Song by Kanye West

from the album The College Dropout
- Released: February 10, 2004
- Recorded: 2000–2003
- Studio: The Record Plant; Larrabee Sound North (Los Angeles);
- Genre: Hip-hop
- Length: 4:38
- Label: Roc-A Fella; Def Jam;
- Songwriter: Kanye West
- Producer: Kanye West

= Family Business (song) =

2004 song by Kanye West

"Family Business" is a song by American rapper Kanye West from his debut studio album, The College Dropout (2004). The song features additional vocals from Thomasina Atkins, Linda Petty, Beverly McCargo, Lavel Mena, Thai Jones, Kevin Shannon, and Tarrey Torae. It was written and produced by West, who had assistance from Torae in penning the lyrics about her family rather than his. A soulful number, the song interpolates "Fonky Thang" by the Dells and relies on a piano loop.
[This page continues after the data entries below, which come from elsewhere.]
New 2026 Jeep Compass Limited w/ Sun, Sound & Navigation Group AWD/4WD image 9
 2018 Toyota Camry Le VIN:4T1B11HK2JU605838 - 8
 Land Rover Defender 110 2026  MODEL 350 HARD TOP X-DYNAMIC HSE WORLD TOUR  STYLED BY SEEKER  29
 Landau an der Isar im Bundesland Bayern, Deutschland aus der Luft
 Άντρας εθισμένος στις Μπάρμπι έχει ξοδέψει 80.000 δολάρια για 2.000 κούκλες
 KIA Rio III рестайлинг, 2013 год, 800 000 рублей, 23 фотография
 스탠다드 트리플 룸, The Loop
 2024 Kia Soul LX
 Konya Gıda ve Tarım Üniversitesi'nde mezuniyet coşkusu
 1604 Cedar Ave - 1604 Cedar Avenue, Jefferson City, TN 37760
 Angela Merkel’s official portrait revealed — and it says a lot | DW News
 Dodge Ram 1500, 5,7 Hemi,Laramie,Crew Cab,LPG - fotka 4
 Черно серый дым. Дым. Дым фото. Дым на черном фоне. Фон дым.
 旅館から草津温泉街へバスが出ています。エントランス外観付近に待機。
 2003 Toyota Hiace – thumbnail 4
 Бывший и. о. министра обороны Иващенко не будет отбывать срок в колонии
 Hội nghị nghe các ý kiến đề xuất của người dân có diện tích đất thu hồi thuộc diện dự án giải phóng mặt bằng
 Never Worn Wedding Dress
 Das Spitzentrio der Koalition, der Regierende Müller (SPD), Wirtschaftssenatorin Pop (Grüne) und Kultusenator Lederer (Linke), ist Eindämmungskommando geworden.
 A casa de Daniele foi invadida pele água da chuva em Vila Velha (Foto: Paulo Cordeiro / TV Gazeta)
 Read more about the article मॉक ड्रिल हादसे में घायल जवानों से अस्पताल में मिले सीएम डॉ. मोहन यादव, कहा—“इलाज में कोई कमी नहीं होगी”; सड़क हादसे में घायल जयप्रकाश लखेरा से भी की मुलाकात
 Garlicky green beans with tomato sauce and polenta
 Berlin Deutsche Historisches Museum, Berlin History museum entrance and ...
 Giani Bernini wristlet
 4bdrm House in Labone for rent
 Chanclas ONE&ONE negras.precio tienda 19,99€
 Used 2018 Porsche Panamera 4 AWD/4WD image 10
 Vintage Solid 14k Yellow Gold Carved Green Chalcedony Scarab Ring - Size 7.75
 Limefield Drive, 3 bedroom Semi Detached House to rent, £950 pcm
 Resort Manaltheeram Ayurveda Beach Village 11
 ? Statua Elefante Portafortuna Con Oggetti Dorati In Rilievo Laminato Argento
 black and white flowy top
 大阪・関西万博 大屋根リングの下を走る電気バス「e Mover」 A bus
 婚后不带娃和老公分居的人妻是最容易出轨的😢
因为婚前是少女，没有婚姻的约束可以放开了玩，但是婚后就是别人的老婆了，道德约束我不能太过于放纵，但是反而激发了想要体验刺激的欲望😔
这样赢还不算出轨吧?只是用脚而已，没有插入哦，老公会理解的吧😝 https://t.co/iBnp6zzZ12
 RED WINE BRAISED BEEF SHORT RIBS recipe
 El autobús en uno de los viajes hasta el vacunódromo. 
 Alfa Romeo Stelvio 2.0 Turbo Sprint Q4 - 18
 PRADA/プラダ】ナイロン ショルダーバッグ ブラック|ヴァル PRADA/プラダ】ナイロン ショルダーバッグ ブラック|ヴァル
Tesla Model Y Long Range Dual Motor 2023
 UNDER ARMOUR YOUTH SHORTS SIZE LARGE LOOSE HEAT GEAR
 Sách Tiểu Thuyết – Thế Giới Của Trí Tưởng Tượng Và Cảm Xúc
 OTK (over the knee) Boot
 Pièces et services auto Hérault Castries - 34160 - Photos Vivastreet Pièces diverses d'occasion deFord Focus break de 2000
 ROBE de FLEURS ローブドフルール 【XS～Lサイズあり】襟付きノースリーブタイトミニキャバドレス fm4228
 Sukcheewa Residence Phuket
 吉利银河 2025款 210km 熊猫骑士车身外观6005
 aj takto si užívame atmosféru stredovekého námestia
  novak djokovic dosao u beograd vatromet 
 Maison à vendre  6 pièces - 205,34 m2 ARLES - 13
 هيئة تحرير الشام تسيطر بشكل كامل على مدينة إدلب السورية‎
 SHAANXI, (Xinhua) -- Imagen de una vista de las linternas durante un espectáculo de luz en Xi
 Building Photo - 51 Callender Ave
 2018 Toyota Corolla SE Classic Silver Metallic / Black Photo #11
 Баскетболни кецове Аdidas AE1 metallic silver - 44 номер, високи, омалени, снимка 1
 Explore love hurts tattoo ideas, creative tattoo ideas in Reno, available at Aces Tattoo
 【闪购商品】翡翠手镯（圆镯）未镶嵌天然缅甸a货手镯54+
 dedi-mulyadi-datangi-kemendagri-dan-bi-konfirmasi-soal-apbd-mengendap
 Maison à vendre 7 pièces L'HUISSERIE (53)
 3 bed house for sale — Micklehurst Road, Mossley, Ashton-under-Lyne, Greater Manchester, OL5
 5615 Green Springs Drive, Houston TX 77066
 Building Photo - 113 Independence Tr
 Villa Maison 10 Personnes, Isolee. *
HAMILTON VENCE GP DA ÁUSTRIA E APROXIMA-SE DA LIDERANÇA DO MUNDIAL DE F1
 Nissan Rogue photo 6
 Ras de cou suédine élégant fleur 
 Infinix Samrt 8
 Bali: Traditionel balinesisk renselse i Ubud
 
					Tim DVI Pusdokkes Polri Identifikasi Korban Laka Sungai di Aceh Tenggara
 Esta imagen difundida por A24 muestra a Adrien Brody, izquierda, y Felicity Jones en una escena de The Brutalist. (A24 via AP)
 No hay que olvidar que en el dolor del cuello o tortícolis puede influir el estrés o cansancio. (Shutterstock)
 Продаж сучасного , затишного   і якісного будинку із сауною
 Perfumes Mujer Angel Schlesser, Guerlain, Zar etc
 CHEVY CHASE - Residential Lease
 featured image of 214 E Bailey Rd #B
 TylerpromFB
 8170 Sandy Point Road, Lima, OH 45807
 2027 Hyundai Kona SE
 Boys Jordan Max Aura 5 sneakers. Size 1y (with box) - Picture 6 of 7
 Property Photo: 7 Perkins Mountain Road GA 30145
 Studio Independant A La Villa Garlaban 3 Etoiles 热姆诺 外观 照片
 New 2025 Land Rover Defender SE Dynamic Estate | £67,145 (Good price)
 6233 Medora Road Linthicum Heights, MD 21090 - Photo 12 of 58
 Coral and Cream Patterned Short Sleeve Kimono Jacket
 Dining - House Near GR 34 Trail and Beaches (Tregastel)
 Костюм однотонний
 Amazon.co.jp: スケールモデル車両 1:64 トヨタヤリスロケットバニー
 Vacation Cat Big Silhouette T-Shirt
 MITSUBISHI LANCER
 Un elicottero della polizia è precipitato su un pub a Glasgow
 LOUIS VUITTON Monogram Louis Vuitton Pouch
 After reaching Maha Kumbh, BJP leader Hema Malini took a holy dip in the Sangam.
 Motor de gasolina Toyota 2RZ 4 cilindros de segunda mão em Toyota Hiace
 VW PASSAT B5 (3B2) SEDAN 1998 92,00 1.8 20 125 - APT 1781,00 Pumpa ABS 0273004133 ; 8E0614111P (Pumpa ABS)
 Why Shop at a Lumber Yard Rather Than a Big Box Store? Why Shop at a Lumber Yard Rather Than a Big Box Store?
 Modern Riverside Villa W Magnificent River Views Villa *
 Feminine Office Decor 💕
Lyrically, it sees West discussing the pleasures and problems in family life.

The song received positive reviews from music critics, who mostly praised the family theme. Some described it as authenticity, while a few critics commended the composition. The song was certified gold in the United States by the Recording Industry Association of America. Chance the Rapper performed a version of the song under the title of "Family Matters" at the Summer Ends Music Festival in September 2015, before recording a studio version that was accompanied by a clip.

==Background and composition==
"Family Business" was solely written and produced by Kanye West. Tarey Torae recorded on a number of tracks for The College Dropout in 2004, including additional vocals for the song. Torae explained that after West wanted the song to be about "real-life family", she helped him write it and the lyrics were set around her family. As the oldest among 48 grandchildren from her mother's side of the family and in the middle of the 36 on her father's side, Torae offered him much material. Torae informed West about the likes of bathing with her cousins, six people having slept together, and her auntie's notorious poor cooking. In February 2014, West's 2001 demo tape The Prerequisite experienced an internet leak, including the original version of the song. "Family Business" was recorded at the Record Plant and Larrabee Sound North studios during the album's sessions in Los Angeles, which ran from West's car accident in 2002 until December 2003.

"Family Business" is a soulful number. It contains samples of the Dells' "Fonky Thang", as written by Terry Callier and Charles Stepney. The song relies on Josh Zandman's looped piano and features additional instrumentation that was contributed by Ken Lewis. West delves into the pleasures and problems of family life in its lyrics, addressing life outside of the hip hop community. He discusses childhood embarrassments, including sharing baby baths with cousins as kept in scrapbooks and arguing with family members in the holidays. Towards the end, Torae sings "They don't mean a thang". Additional vocals are also featured from Thomasina Atkins, Linda Petty, Beverly McCargo, Lavel Mena, Thai Jones, and Kevin Shannon. Torae utters "Let's get Stevie out of jail" on the outro, referencing his godbrother.

==Release and reception==
On February 10, 2004, West's debut studio album The College Dropout was released by Roc-A Fella and Def Jam, including "Family Business" as the 20th and penultimate track. The song was met with positive reviews from music critics, with general praise for its theme. Sal Cinquemani of Slant Magazine and Dave Heaton of PopMatters considered it to be authentically touching, with the latter calling the family tribute sweet and soulful. The New York Times journalist Kelefa Sanneh glorified the song for paying tribute to "the pleasures and frustrations of family life" as it effortlessly utilizes a "wistful piano loop", which is followed up with the "kick in the teeth" of West uttering for Stevie to leave jail. Writing for Blender, Jon Pareles commented that the song offers a reminder of life outside of hip hop from the childhood embarrassments and jailed cousin, feeling West has not managed to fall "into a fantasy world yet". Josh Love from Stylus Magazine hailed the song's nostalgia and identified it as a "domestic utopia", communicating yearning in the vein of "the heavenly pleas" of the single "Jesus Walks" (2004).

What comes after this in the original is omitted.